Pictures aside, each entry has to be returned exactly as it stands.

____ WORKING DATA

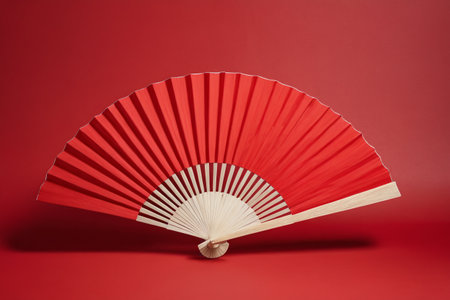 A touch of Chinese red graceful fan dance with oriental charmの素材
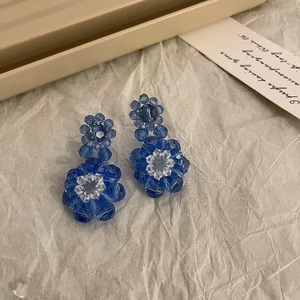 Detailed view of handcrafted Klein blue beaded flower earrings on textured background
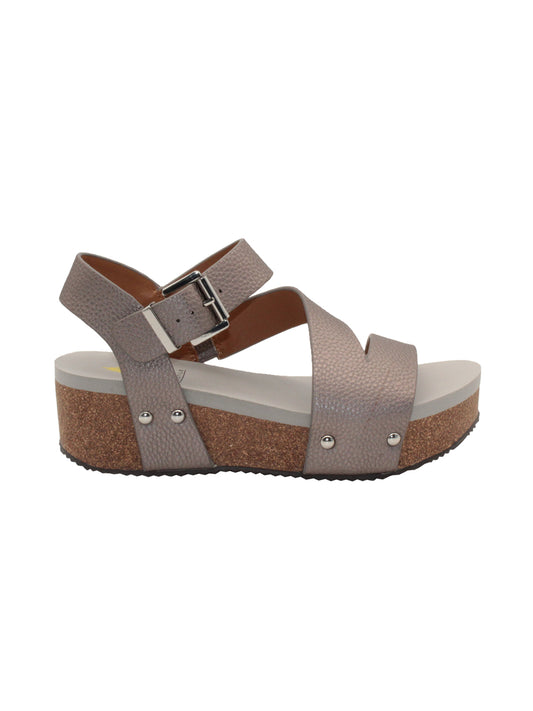 Vegan leather or heavy canvas asymmetrical upper Synthetic lining Adjustable metal buckle and metal clog studs Asymmetrical sandal with back strap Ultra comfort EVA insole Cork wedge Rubber traction outsole Approx. 2” heel height pewter side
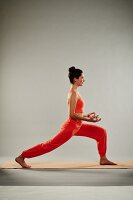 Sun Salutation – Step 4: take a step back and touch your index fingers to your thumbs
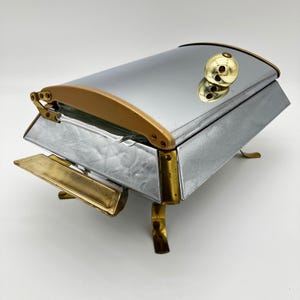 Puede incluir: Un plato de frotamiento rectangular de cromo con acabado plateado pulido, acentuado con adornos de metal dorado, un pomo dorado redondeado en la tapa y cuatro patas doradas curvas. La unidad incluye un asa lateral dorada y un mecanismo de tapa.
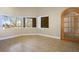 Bedroom with tile flooring, a ceiling fan, and views of the surrounding desert at 4911 W Pebble Rd, Las Vegas, NV 89139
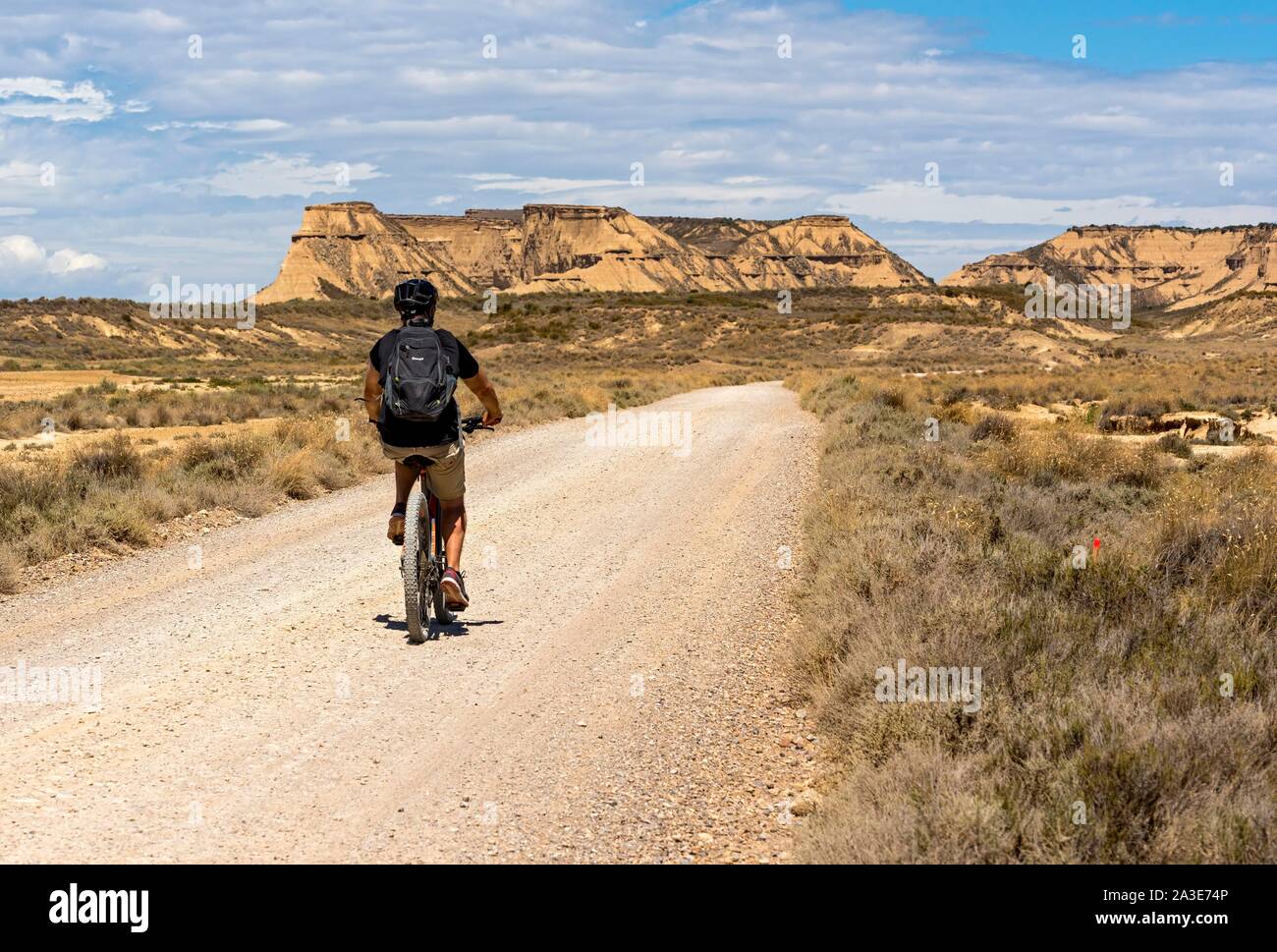 Cycliste sur une route dans le désert de Bardenas Reales, Navarre, Espagne Banque D'Images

________

REPLY TO THE TASK ->
 A touch of Chinese red graceful fan dance with oriental charmの素材
 Detailed view of handcrafted Klein blue beaded flower earrings on textured background
 Vegan leather or heavy canvas asymmetrical upper Synthetic lining Adjustable metal buckle and metal clog studs Asymmetrical sandal with back strap Ultra comfort EVA insole Cork wedge Rubber traction outsole Approx. 2” heel height pewter side
 Sun Salutation – Step 4: take a step back and touch your index fingers to your thumbs
 Puede incluir: Un plato de frotamiento rectangular de cromo con acabado plateado pulido, acentuado con adornos de metal dorado, un pomo dorado redondeado en la tapa y cuatro patas doradas curvas. La unidad incluye un asa lateral dorada y un mecanismo de tapa.
 Bedroom with tile flooring, a ceiling fan, and views of the surrounding desert at 4911 W Pebble Rd, Las Vegas, NV 89139
 Cycliste sur une route dans le désert de Bardenas Reales, Navarre, Espagne Banque D'Images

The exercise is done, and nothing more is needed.